China's 2nd-quarter economic growth spiraled down a bit from the heated 11.9 percent first-quarter expansion, but Beijing is not expected to re-pump a flood of credit to kick off another round of cut-throat growth.
Most economists predict that the world's 2nd largest economy probably grew 10.7 percent in the April-June quarter, as the government began to thwart a frenzy housing sector with stricter macro control policies. In June, Beijing decided to scrap tax rebates on exports of a variety of goods and materials, another measure to cool down export and growth.
To augment market sentiment, China's central bank, the People's Bank of China, said Saturday that it will continue to implement a set of relatively loose monetary policy in the second half year – a signal that it will not raise the interest rates and take more tightening measures to sooth market concerns that China's economy is headed for a steep fall or hard landing.
Meanwhile, the central bank reported Sunday that in June, China's banks issued 603.4 billion yuan ($89 billion) of new loans, which is less than the 639.4 billion yuan loans for May, and 1.53 trillion yuan less than last June, when Beijing's stimulus plan was at its crest.
The unwinding of the stimulus plan was clear during the first six months this year, as the country's banking system issued 4.63 trillion yuan of new loans, a huge 2.74 trillion yuan less than the same period last year.
The economic policy-makers were seriously worried about the rising debt of local governments as China's provinces borrowed feverishly last year to erect local projects and investments, regardless of their capability to return the loans timely to banks. Starting this year, the central bank has ordered state-owned lenders to be choosy in granting loans.
Ma Guangyuan, a known Chinese economist, has cautioned the government not to lift the restrictions on housing loans. In a signed article on Monday, Ma warned that it would be perilous to the economy, if the central bank loosens its control on loans to buy a second or more homes. Prices will run out of the roof, Ma said, if Beijing moves its foot off the pedal.

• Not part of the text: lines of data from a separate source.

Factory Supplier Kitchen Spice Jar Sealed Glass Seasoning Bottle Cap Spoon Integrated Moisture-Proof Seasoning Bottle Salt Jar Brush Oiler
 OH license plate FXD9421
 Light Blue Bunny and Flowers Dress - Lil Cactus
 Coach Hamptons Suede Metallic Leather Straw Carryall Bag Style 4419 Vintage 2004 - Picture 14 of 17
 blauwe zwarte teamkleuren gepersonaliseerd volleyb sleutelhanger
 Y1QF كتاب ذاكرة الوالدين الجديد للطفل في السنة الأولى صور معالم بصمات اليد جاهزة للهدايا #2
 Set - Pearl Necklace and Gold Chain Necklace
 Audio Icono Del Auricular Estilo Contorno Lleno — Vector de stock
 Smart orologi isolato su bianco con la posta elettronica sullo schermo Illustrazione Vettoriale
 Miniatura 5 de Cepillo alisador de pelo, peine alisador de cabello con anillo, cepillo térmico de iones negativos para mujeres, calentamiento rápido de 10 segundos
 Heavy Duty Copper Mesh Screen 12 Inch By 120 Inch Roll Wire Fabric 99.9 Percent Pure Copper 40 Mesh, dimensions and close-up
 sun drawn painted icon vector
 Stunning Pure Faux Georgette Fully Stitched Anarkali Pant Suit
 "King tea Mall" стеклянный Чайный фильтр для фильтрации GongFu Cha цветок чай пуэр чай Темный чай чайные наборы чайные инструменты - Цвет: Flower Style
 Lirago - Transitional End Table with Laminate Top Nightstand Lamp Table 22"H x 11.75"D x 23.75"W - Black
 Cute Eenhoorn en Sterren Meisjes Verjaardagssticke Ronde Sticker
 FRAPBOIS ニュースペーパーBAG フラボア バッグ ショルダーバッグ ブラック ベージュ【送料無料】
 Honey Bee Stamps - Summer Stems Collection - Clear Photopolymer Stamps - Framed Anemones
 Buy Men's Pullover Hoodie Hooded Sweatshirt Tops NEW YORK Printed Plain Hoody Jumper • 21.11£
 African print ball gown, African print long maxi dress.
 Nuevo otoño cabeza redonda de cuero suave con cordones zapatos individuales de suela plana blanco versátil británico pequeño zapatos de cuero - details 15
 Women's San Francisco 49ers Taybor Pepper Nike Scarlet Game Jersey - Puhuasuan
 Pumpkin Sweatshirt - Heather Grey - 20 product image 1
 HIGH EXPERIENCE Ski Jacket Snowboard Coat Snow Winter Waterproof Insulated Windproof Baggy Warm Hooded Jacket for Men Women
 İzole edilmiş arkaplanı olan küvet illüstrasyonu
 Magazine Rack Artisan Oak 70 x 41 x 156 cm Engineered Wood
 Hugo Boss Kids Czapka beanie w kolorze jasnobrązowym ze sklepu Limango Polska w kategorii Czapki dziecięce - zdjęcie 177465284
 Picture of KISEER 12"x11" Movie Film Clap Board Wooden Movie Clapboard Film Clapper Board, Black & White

Potential property investors as well as speculators, both at home and from abroad, are on the watch-out for any hint that Beijing is to change its housing policy. Home sales have tumbled by as much as 60 percent in big cities like Beijing and Shanghai, since Beijing tightened its loan policy in mid April.
Most economists do not believe Beijing will revise the policy, just three months after its implementation, because the huge political pressure from vast number of home aspirants who condemn the sky-high prices. Also, the government itself is also worried about an exuberant property market will eventually lead to an outbreak of America-style home debacle and financial crisis.
Lu Zhengwei, an economist with China's Industrial Bank, said that the central bank should allow for more loans to infrastructure projects and the private sectors in the third quarter to buffer the economy from slipping fast.
The majority of economists have estimated China's economic growth to reach 10.5 percent in 2010, still the world's fastest expansion.